→ Work to complete: The answer must be every line of the records in which the string "enjoying" appears.
▽
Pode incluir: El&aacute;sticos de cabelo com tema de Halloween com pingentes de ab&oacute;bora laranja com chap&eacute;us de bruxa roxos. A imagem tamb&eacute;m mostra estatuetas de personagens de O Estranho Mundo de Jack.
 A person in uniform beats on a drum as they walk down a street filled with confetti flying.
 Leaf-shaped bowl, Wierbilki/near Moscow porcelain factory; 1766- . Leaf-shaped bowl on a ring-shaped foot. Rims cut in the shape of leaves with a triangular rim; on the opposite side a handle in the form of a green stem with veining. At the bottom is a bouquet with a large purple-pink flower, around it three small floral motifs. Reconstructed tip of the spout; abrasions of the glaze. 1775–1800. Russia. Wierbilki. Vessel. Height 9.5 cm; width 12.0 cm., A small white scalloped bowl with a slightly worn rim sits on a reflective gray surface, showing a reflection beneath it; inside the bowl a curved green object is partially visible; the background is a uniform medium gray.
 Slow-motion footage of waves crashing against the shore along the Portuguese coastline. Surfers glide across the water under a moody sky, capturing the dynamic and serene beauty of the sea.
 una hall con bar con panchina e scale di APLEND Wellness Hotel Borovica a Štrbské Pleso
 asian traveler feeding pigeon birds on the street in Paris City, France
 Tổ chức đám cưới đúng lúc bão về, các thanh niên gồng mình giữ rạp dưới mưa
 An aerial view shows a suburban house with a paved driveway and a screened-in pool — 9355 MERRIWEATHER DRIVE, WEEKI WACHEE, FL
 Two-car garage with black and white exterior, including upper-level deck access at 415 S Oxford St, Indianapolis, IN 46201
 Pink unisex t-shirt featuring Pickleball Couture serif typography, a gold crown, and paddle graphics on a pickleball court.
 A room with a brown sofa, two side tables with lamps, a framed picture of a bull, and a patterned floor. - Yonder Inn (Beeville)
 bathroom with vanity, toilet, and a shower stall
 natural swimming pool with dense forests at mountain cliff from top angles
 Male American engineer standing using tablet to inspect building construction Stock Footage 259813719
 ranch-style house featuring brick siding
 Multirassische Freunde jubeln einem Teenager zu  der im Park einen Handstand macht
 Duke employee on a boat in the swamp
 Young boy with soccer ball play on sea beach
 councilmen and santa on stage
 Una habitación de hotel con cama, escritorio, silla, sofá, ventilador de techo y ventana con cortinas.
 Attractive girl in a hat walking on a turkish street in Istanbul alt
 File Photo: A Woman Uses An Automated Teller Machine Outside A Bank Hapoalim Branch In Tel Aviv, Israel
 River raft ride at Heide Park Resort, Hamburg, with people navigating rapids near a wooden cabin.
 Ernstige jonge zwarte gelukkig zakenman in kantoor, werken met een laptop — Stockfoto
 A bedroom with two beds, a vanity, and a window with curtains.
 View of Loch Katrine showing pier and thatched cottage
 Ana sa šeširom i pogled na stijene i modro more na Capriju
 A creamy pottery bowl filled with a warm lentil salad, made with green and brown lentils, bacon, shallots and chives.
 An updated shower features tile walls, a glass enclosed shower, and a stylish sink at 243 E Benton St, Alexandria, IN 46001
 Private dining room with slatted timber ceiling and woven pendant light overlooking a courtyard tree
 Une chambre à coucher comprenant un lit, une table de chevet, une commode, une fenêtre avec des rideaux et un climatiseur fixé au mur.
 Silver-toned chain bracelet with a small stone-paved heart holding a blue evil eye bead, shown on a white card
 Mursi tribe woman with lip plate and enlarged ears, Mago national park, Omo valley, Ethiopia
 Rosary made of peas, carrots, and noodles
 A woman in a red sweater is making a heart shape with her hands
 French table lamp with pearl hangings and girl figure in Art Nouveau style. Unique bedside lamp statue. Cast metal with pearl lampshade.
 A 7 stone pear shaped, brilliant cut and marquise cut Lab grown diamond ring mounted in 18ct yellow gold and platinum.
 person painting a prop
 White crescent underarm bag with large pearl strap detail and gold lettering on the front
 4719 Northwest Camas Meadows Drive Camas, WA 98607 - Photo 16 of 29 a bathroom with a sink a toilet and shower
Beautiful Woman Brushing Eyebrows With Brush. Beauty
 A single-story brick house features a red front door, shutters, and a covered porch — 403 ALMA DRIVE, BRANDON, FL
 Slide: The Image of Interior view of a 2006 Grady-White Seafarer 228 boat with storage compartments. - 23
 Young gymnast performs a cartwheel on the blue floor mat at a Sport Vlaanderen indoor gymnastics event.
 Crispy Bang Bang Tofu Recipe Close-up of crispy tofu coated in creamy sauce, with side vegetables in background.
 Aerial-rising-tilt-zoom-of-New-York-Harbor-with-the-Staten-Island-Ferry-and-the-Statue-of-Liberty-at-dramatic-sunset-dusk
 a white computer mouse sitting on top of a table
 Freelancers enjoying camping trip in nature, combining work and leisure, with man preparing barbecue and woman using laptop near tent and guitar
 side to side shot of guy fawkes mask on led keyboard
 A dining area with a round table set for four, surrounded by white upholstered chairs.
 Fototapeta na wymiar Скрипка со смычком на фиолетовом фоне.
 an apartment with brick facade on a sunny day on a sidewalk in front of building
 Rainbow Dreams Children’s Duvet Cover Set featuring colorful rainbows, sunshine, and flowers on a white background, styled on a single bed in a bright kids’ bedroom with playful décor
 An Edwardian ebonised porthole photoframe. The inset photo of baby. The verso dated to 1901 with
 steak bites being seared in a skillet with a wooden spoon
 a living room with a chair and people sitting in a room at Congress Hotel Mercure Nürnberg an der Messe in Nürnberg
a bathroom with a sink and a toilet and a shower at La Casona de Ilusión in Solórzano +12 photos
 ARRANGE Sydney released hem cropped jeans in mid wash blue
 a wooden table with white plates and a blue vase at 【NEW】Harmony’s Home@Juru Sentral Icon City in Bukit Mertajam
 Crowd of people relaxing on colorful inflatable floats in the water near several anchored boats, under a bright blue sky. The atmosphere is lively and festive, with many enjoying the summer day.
△
→ Written answer:
 Freelancers enjoying camping trip in nature, combining work and leisure, with man preparing barbecue and woman using laptop near tent and guitar
 Crowd of people relaxing on colorful inflatable floats in the water near several anchored boats, under a bright blue sky. The atmosphere is lively and festive, with many enjoying the summer day.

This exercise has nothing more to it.